Meningococcal disease is a serious illness in children caused by meningococcal bacterial (Neisseria meningitides) infection. The disease can have various spectrums and can present as septicemia or meningitis or both. Although incidence of illness is less common but severity makes it a significant health issue as chances of mortality and morbidity is quite high.
About 50 % individual caries meningococcal bacteria in their nose but chances of spread of infection to blood depends on genetic predisposition, individual immunity, environmental factor and virulence of bacteria. As disease progression is quite rapid (within days), early diagnosis and treatment is not possible often and children land in emergency in serious condition. Chances of death due to septicemia is quite high (8-13%) and those who survive can have 10 % incidence of deafness and poor neurodevelopmental outcome each.
Disease incidence is more common in children below 4 years and again incidence peaks during adolescence and after 65 years of age in unimmunized individuals.
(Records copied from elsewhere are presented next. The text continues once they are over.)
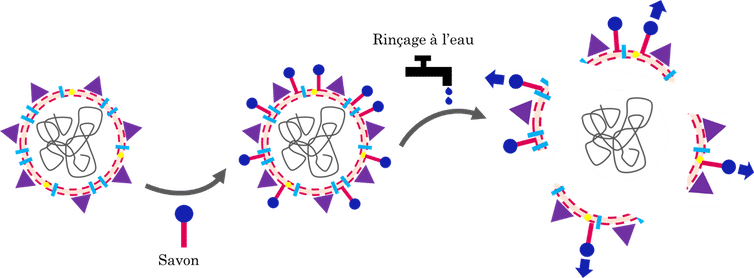 Action du savon sur un virus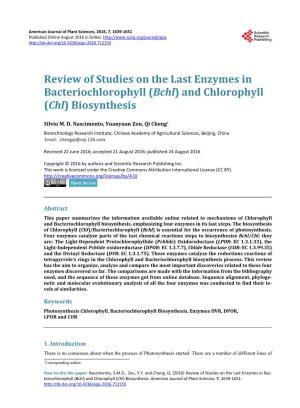 Review of Studies on the Last Enzymes in Bacteriochlorophyll (Bchl) and Chlorophyll (Chl) Biosynthesis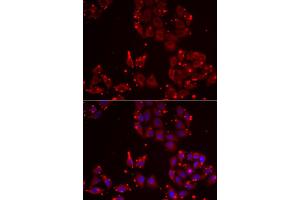 Immunofluorescence analysis of U2OS cells using MSRA antibody. (MSRA antibody)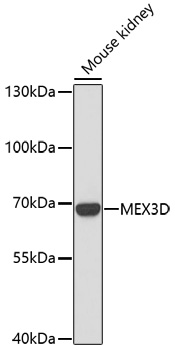 Anti-MEX3D Antibody (CAB17283)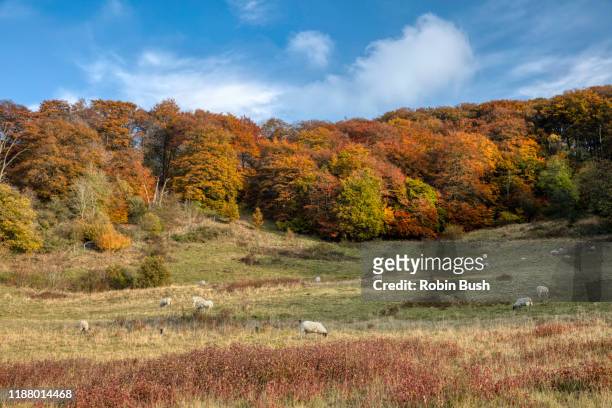 pulpit hill, autumn colours, chilterns, buckinghamshire - buckinghamshire fotografías e imágenes de stock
Infection rate is high in crowded places like hostels, barracks etc. and in hot and humid environment. It can lead to an epidemic outbreak. Meningococcal meningitis is the third most common cause of meningitis in children after pneumococcal and H. influenza bacteria.
Symptoms and sign:
Children are presented with fever, headache, lethargy, irritability, vomiting, non-blanching (purpura) rash. These illnesses are often confused with viral illness but rapid progressive course of disease makes the child very sick within few days. They develop classical sign of septicemia with cold calmly limbs, fast breathing, decreased urine output, poor sensorium etc. children with meningitis can have neck rigidity also.
Diagnosis and treatment:
Disease can be diagnosed by clinical presentation with high index of suspicion and laboratory investigation like CBC, CRP, gram stain & blood C/S, spinal fluid examination etc. These children need immediate attention and may require pediatric ICU for management of shock with IV fluid, antibiotics, oxygen, inotropes etc. under strict vital monitoring.
Disease can be prevented by immunization. Conjugated meningococcal vaccine available in market can be administered in 2 doses at 9 and 12 months. Those who missed vaccination early can be immunized with single dose after 2 years of age.